Vigilante (Review)

Vigilante

Vigilante William Lustig
1983
Written by Richard Vetere
Directed by William Lustig

Vigilante William Lustig
William Lustig does Death Wish with Vigilante! Vigilante follows a reoccurring Lustig motif, namely the entire system is corrupt and things can only get accomplished when you take matters into your own hands. Vigilante is the most extreme example, but the entire Maniac Cop series works under the premise the corrupt system framed the Maniac Cop, and even Hit List features police unable to protect people or legally bring powerful mobsters to justice. Vigilante says that what you can’t trust the cops and courts to do, you can trust guns and fellow angry citizens to carry out.
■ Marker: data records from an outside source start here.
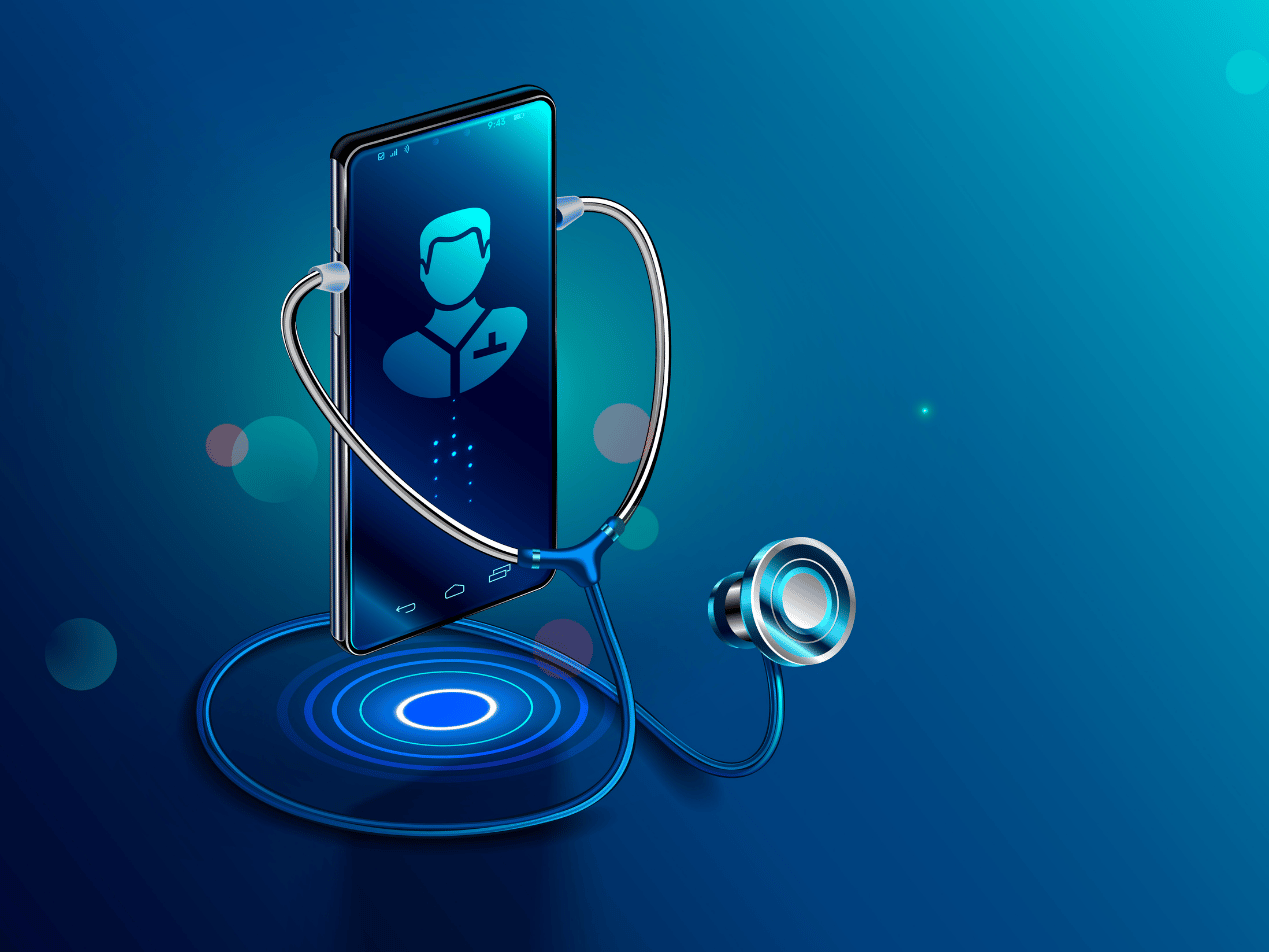 VoIP providers and HIPAA compliance: The ultimate guide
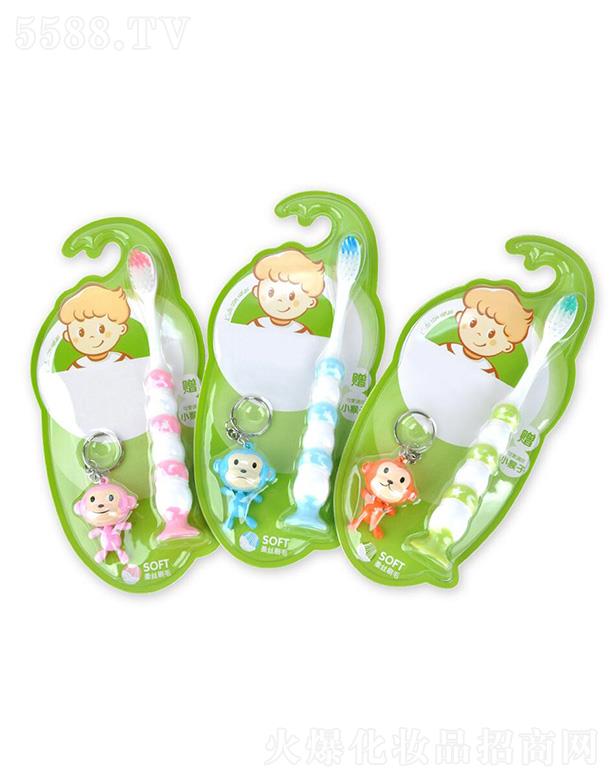 �{Ƥ������ܛë�o�l��ˢ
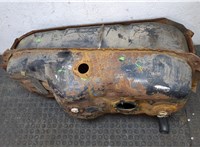 MN120735 Бак топливный Mitsubishi Montero Sport / Pajero Sport 1996-2008 8302149 #6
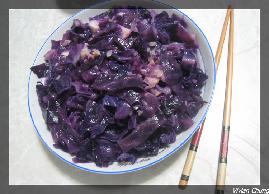 ţ��������������-��Ҭ�˵�����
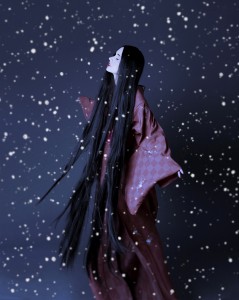 Memoirs of Geisha 3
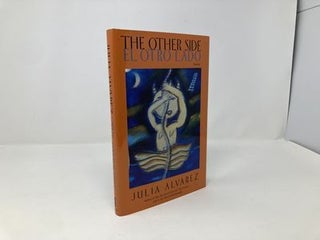The Other Side: El Otro Lado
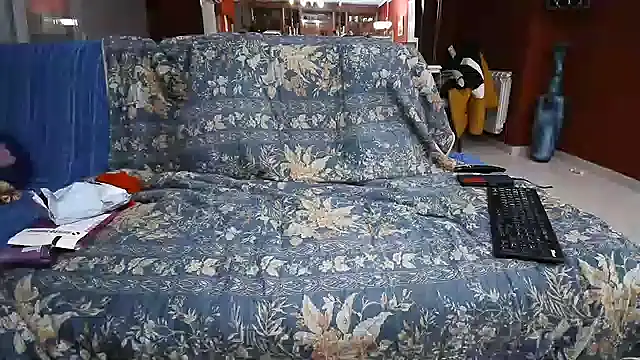 maduroguapo online show from 16, 2, 2025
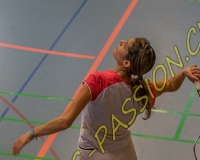 1BULLMINTON - 0610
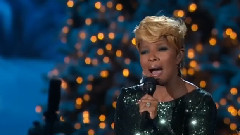 Mary J.Blige - Have Yourself A Merry Little Christmas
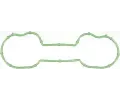 Tsnn kolena sacho potrub REINZ ‐ VR 71-33877-00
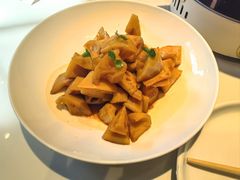 -梅飞酒家(桑园路店)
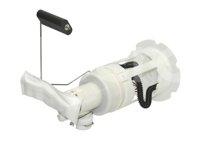 BOMBA DE GASOLINA ELECTRICA NISSAN URVAN 2.5L 08-11 COMPLETA 17040-VZ00A POWER PUMPS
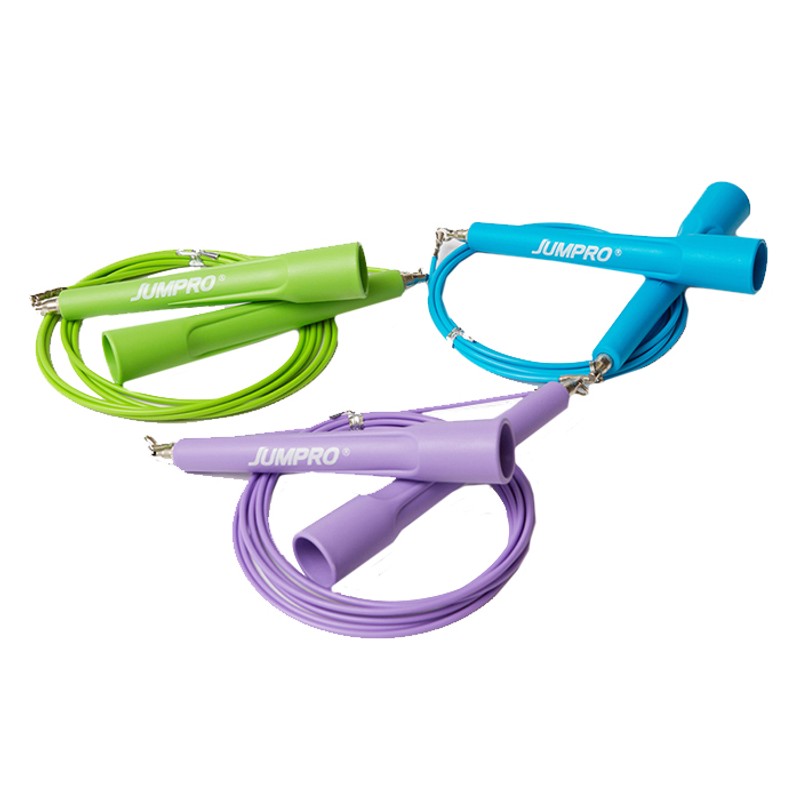 김수열줄넘기 점프로 초고속 프로 S600 3컬러, 퍼플, 1개 15,990원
I saw Vigilante at the Yerba Buena Center for the Arts in their Bay Area Now 7 program, under the Invasion of the Cinemaniacs! heading, specifically the part curated by Jesse Hawthorne Ficks of Midnite for Maniacs, who hosted two William Lustig triple features (a sextuple feature?) spread across two days. Vigilante screened between Maniac and Hit List, while the next night was all three Maniac Cop films. William Lustig himself was in attendance, and did some entertaining Q and As. Lustig is very charismatic and shared stories about filming and some of the actors/producers of his films. I’ve included some of what he mentioned in the reviews.
Vigilante William Lustig
Eddie Marino (Robert Forster) was just a normal good working man with a family, until his family is violently attacked and destroyed by a mad gang. The cops are unable to bring more than one member to trial (citing lack of evidence), and the trial quickly goes south due to corrupt lawyers and judges forcing plea deals, meaning the gang leader gets a whole two year suspended sentence for assault and murder of a young child. When Marino is rightly outraged over this, he’s the one tossed in jail for contempt.